Tuan Edgard menutup restorannya lebih cepat hari ini. Ia mengikuti Tuan Owen pergi ke pasar. Ia berpura-pura sedang belanja bahan untuk keperluan dapur. Kemudian, Tuan Edgard menyapa Tuan Owen yang sedang memilih tomat segar.
“Hai, Tuan Owen. Kulihat restoranmu selalu laris manis. Maukah kau membagikan sedikit rahasianya padaku?”
“Aku tak punya rahasia apa-apa, Tuan Edgard,” jawab Tuan Owen.
Tetapi, Tuan Edgard tak mau percaya begitu saja. Ia yakin Tuan Owen tak ingin memberitahukan rahasianya karena takut tersaingi. Tetapi, bukan Tuan Edgard namanya jika tidak mencari tahu.
***
Dari balik jendela dapur, Tuan Edgard mengintip kegiatan Tuan Owen di dapur. Ia mengamati gerakan lincah tangan Tuan Owen saat meracik bumbu masakannya. Ia juga memperhatikan bagaimana Tuan Owen menyajikan makanannya.
Ketika Tuan Owen mengantar pesanan, Tuan Edgard pun beraksi. Ia menyelinap masuk ke dapur Tuan Owen lewat pintu belakang yang tak terkunci.
Tuan Edgard mendekati rak kayu yang berisi bumbu-bumbu dalam toples. Satu per satu diperiksanya dengan teliti. Termasuk perkakas dapur yang sering digunakan Tuan Owen untuk memasak.
Tuan Edgard mendesah kecewa. Tak ada tanda-tanda adanya bumbu ajaib atau mantra sakti di dapur Tuan Owen. Kemudian, pandangannya menyusuri setiap sisi dapur.
Senyum di wajahnya tiba-tiba mengembang. Di bagian atas rak kayu tempat perkakas makan ada sebuah gulungan kertas. Tuan Edgard yakin pasti ada petunjuk di sana. Dengan penuh semangat, ia memanjati rak kayu itu.
Alangkah terkejutnya Tuan Edgard ketika rak kayu yang menjadi pijakannya tiba-tiba ambruk. Suara berdebum terdengar. Tuan Edgard terjatuh. Setengah berlari Tuan Owen kembali ke dapurnya.

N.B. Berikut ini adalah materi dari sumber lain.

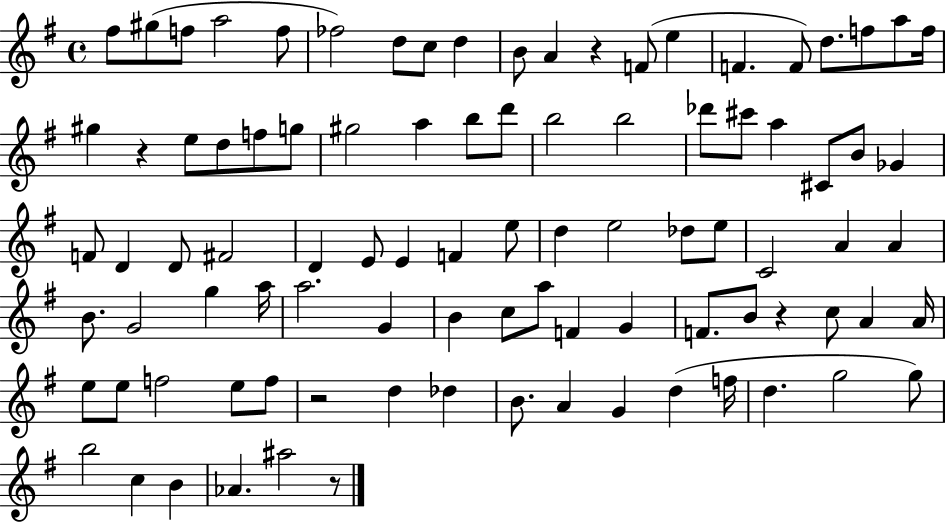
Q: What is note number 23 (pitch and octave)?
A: F5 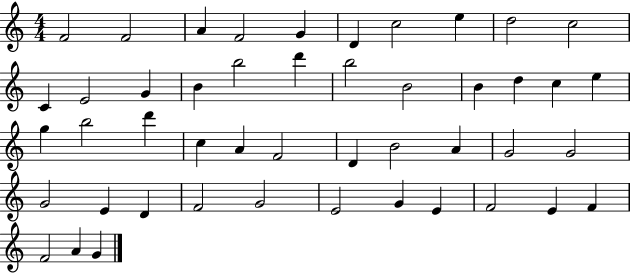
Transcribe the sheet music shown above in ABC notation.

X:1
T:Untitled
M:4/4
L:1/4
K:C
F2 F2 A F2 G D c2 e d2 c2 C E2 G B b2 d' b2 B2 B d c e g b2 d' c A F2 D B2 A G2 G2 G2 E D F2 G2 E2 G E F2 E F F2 A G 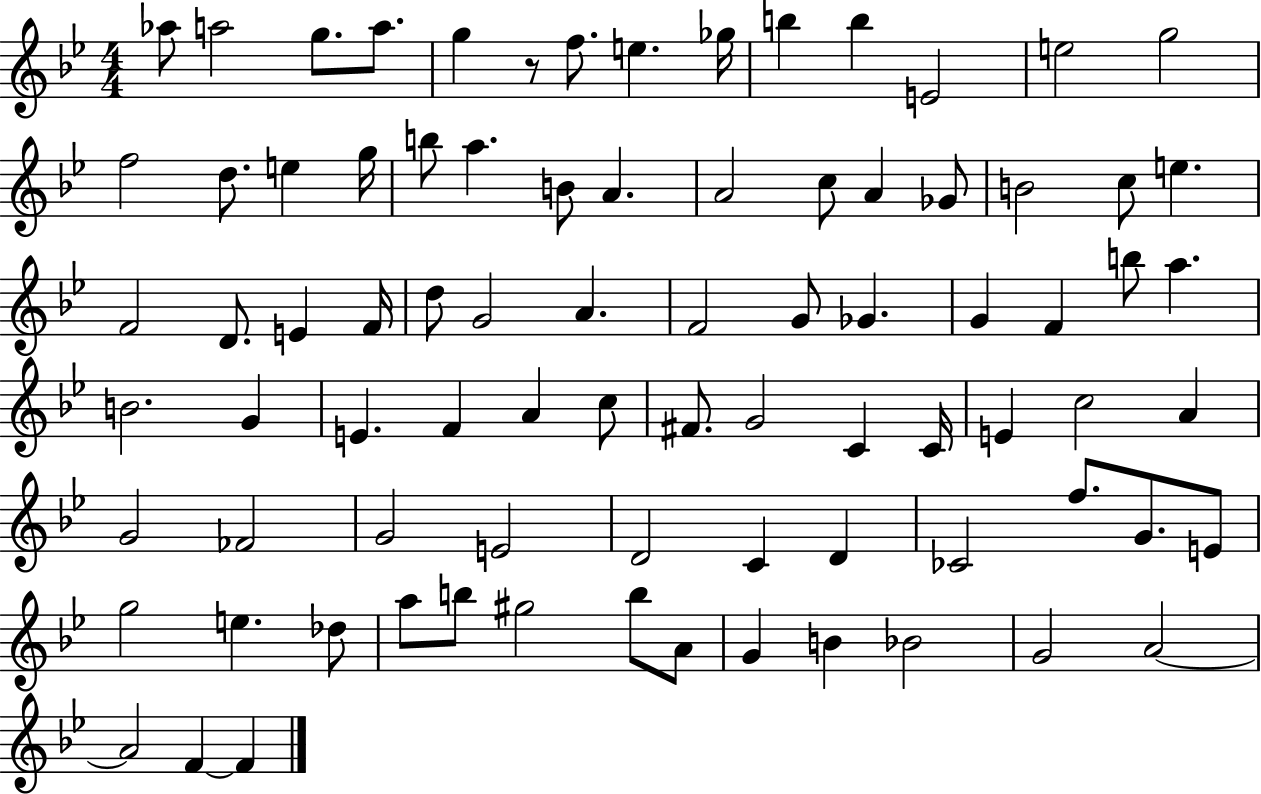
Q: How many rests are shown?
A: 1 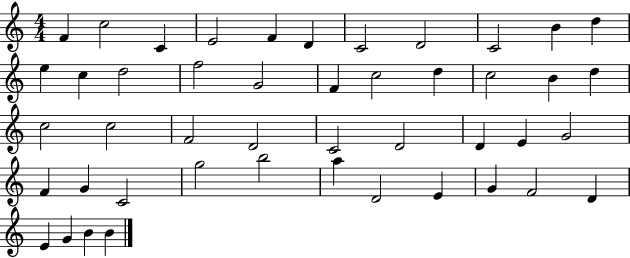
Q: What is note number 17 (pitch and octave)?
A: F4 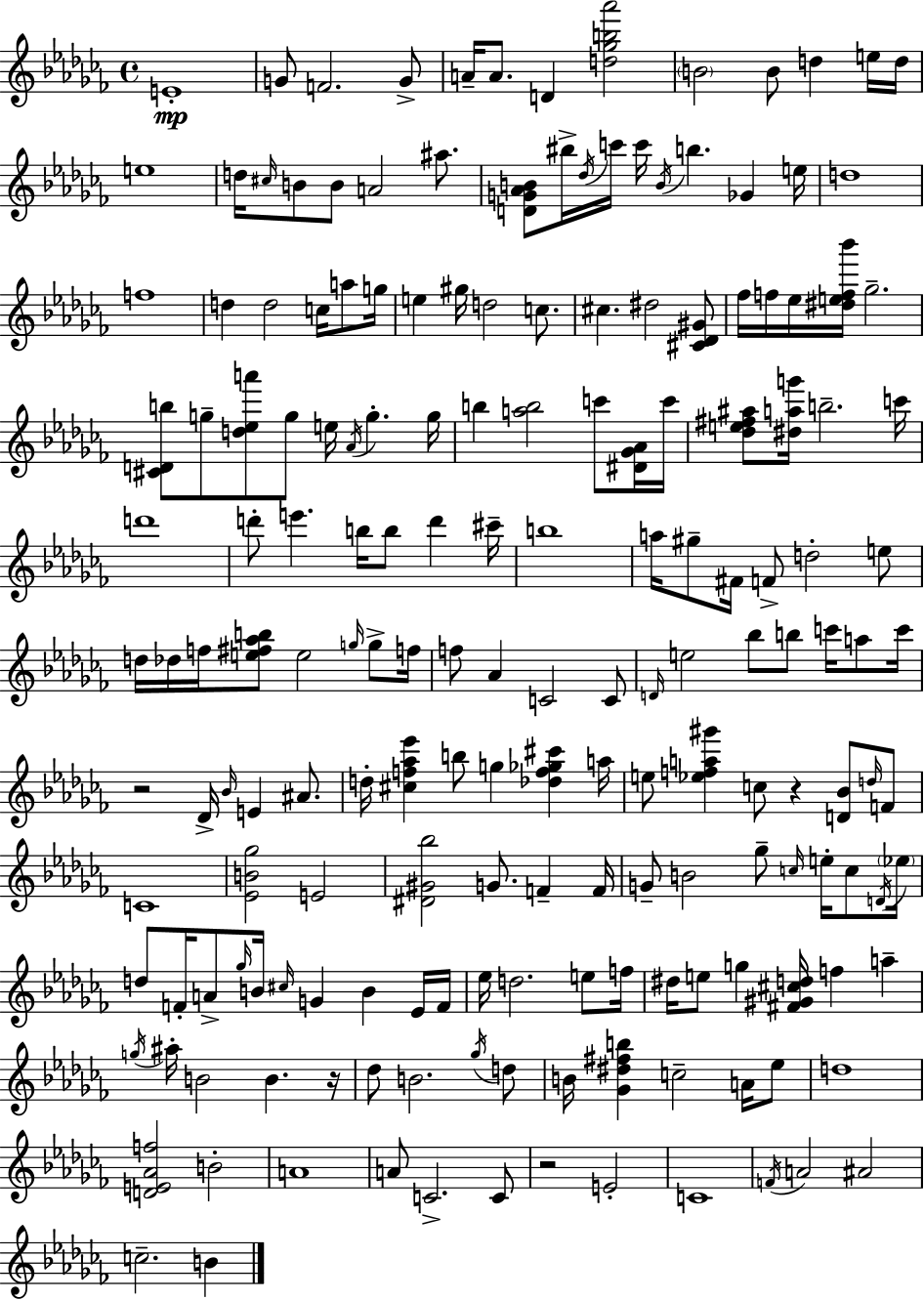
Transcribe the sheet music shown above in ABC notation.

X:1
T:Untitled
M:4/4
L:1/4
K:Abm
E4 G/2 F2 G/2 A/4 A/2 D [d_gb_a']2 B2 B/2 d e/4 d/4 e4 d/4 ^c/4 B/2 B/2 A2 ^a/2 [DG_AB]/2 ^b/4 _d/4 c'/4 c'/4 B/4 b _G e/4 d4 f4 d d2 c/4 a/2 g/4 e ^g/4 d2 c/2 ^c ^d2 [^C_D^G]/2 _f/4 f/4 _e/4 [^def_b']/4 _g2 [^CDb]/2 g/2 [d_ea']/2 g/2 e/4 _A/4 g g/4 b [ab]2 c'/2 [^D_G_A]/4 c'/4 [_de^f^a]/2 [^dag']/4 b2 c'/4 d'4 d'/2 e' b/4 b/2 d' ^c'/4 b4 a/4 ^g/2 ^F/4 F/2 d2 e/2 d/4 _d/4 f/4 [e^f_ab]/2 e2 g/4 g/2 f/4 f/2 _A C2 C/2 D/4 e2 _b/2 b/2 c'/4 a/2 c'/4 z2 _D/4 _B/4 E ^A/2 d/4 [^cf_a_e'] b/2 g [_df_g^c'] a/4 e/2 [_efa^g'] c/2 z [D_B]/2 d/4 F/2 C4 [_EB_g]2 E2 [^D^G_b]2 G/2 F F/4 G/2 B2 _g/2 c/4 e/4 c/2 D/4 _e/4 d/2 F/4 A/2 _g/4 B/4 ^c/4 G B _E/4 F/4 _e/4 d2 e/2 f/4 ^d/4 e/2 g [^F^G^cd]/4 f a g/4 ^a/4 B2 B z/4 _d/2 B2 _g/4 d/2 B/4 [_G^d^fb] c2 A/4 _e/2 d4 [DE_Af]2 B2 A4 A/2 C2 C/2 z2 E2 C4 F/4 A2 ^A2 c2 B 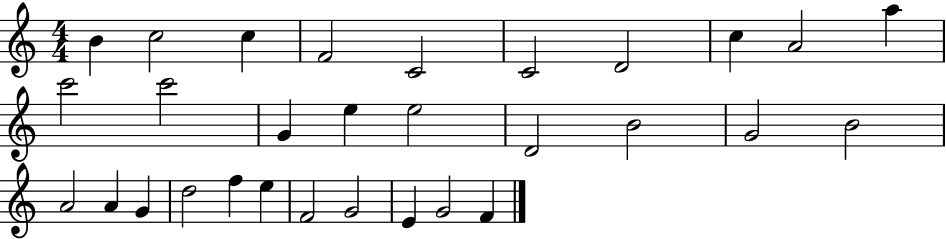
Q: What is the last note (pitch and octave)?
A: F4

“Oh, Tuan Edgard! Apa yang kau lakukan di dapurku?” tanya Tuan Owen sambil membantu Tuan Edgard berdiri.
“Maafkan aku, Tuan Owen,” ucapnya penuh penyesalan.
Lalu, Tuan Edgard menceritakan tujuannya masuk ke dapur Tuan Owen sambil mengangkat kembali semua perkakas makan yang terjatuh. Tuan Owen terkekeh saat Tuan Edgard mengira gulungan kertas itu adalah kertas mantra. Ia mengambil gulungan kertas yang dimaksud lalu membukanya.
“Ini adalah angket kepuasan pelanggan, Tuan Edgard. Dengan angket ini para pelanggan bisa memberikan skor untuk pelayanan dan kebersihan di restoranku. Jika skor mereka tinggi berarti mereka puas dan aku merasa senang. Jika mereka kurang puas, aku akan memperbaikinya. Para pelanggan juga diperbolehkan untuk menuliskan saran dan kritik bila ada.”
Tuan Owen juga menjelaskan bahwa dengan adanya angket itu, dirinya sangat terbantu. Ia jadi tahu bagaimana selera makanan tiap pelanggannya. Seperti Nyonya Rumi yang tidak suka makanan pedas, Tuan Patrick yang sangat menyukai makanan manis, juga Nyonya Eli yang suka makanan asam.
Seorang pelanggan berjalan menghampiri Tuan Owen. Ia merogoh saku untuk mengambil dompet. Setelah membayar, Tuan Owen memintanya mengisi angket. Selesai mengisi angket, pelanggan itu tersenyum sambil mengacungkan kedua jempolnya.
“Terima kasih. Selamat datang kembali,” ucap Tuan Owen dengan riang gembira.
Tuan Edgard memperhatikan semua itu. Ia tersadar kalau selama ini ia selalu menganggap restorannya adalah yang terbaik. Tanpa pernah memikirkan apakah pelanggannya merasa puas atau tidak. Tuan Edgard tertunduk sedih. Dalam hatinya ia berjanji akan lebih memperhatikan pelayanan di restorannya.
Tak lupa ia juga meminta maaf kepada Tuan Owen, karena telah berprasangka buruk. Ternyata, Tuan Owen adalah orang yang baik dan jujur. (58)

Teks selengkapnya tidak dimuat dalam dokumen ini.